Football is completely changing the lives of this young man with Asperger's Syndrome and his family for the better

Miracles elevate Salem Hills Skyhawks on and off the field

By Amberli Nelson

For the Deseret News

Published: Thursday, Oct. 17 2013 10:05 a.m. MDT

Sabin Wilson (79) along with three of his defensive linemen at practice Monday afternoon at Salem Hills.

Monica G. Gibb

SALEM — Over the years, Jill Wilson has heard a lot of shocking things from her son, Sabin, but nothing could have prepared her for what came tumbling out of his mouth last spring:

“Mom, I want to go out for the football team.”

She recalls that moment with perfect clarity because Sabin is a kid who hardly ever left the house, never made new friends and was perfectly content to play video games all night and day, rarely leaving the couch. He hated school and the routine that went with it.

Things finally escalated to the point that Jill had to cancel Sabin's first-period class altogether because of his refusal to get out of bed. So when he declared his desire to play on the football team — something he hadn't done before — she couldn’t have been more surprised.

As much as the logistical aspects of Sabin playing a team sport worried her, such as the daily routine and rigorous schedules, there was another aspect of his intent to play that flat-out confused her.

Doctors told Jill that due to her adopted son condition known as Asperger’s Syndrome, he would “probably never play organized sports because he would not understand the competition aspect," she recounted.

Well, that’s news to Sabin. It’s very evident in his rapid rise through the JV ranks of the Salem Hills Skyhawk football that he understands competition just fine. He's understanding it so much so, in fact, that he starts on the junior varsity squad and, according to Salem Hills head coach Joel Higginson, Sabin is competing for a spot on varsity.

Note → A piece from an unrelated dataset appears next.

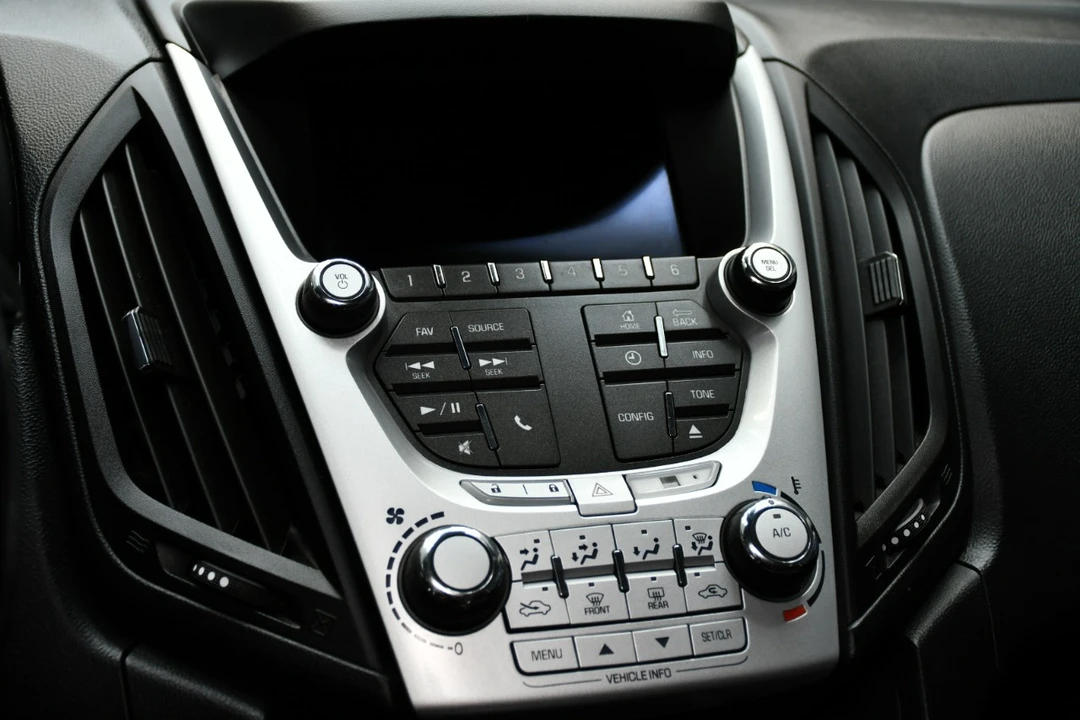 2015 Chevrolet Equinox - Image 19 of 21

Pretty remarkable considering it’s been just five short months of playing a game he’s never known with kids he’d never spoken to before last summer.

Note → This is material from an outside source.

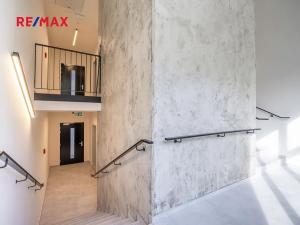 Prodej bytu 2+kk, Praha - Hrdlořezy, Českobrodská, 57 m2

To look at him, it’s plain to see Sabin has an athletic body with a strong physique and is brimming with potential. While that definitely works in his favor in the athletic arena, it belies years of tremendous internal struggles that have all but paralyzed him for most of his young life, making his recent transformation nothing short of miraculous.

“All I can say is that since Sabin became a member this football team, he has been a new man,“ Jill said. “Every day he continues to blossom and unfold in ways we never thought possible. He’s doing, saying and feeling things we were told he never would.”

Things that come easy to most people, such as making new friends, remembering dates, details and schedules, and even going on a date to the homecoming dance have all happened for the first time in Sabin’s life since he found football. The boys on the team have rallied around and befriended him in ways that continue to humble and astonish his grateful mother.

Fondly, she recalls picking him up from summer two-a-day practices. One of the players said goodbye to Sabin and that he would see him later that night. Jill asked Sabin who the kid was and to Jill’s utter shock he said, “Oh, that’s my new friend, Ammon.”

“Realize,” said Jill, “that’s the first time Sabin had ever labeled another kid as his new friend.”

Along with making new friends, he is also getting out of bed every morning, which is another first.

According to Jill, Sabin is quite adamant about being to the gym by 6 a.m. for his daily weightlifting workouts with his new-found football buddies. Mom couldn’t be happier about it.

“This team has saved my son. For that, I would gladly pick up that big strapping boy of mine, throw him over my shoulder and walk the three miles from our house to the school every morning — in my nightgown — if I had to, just for him to be a part of this team that he has come to love," Jill said.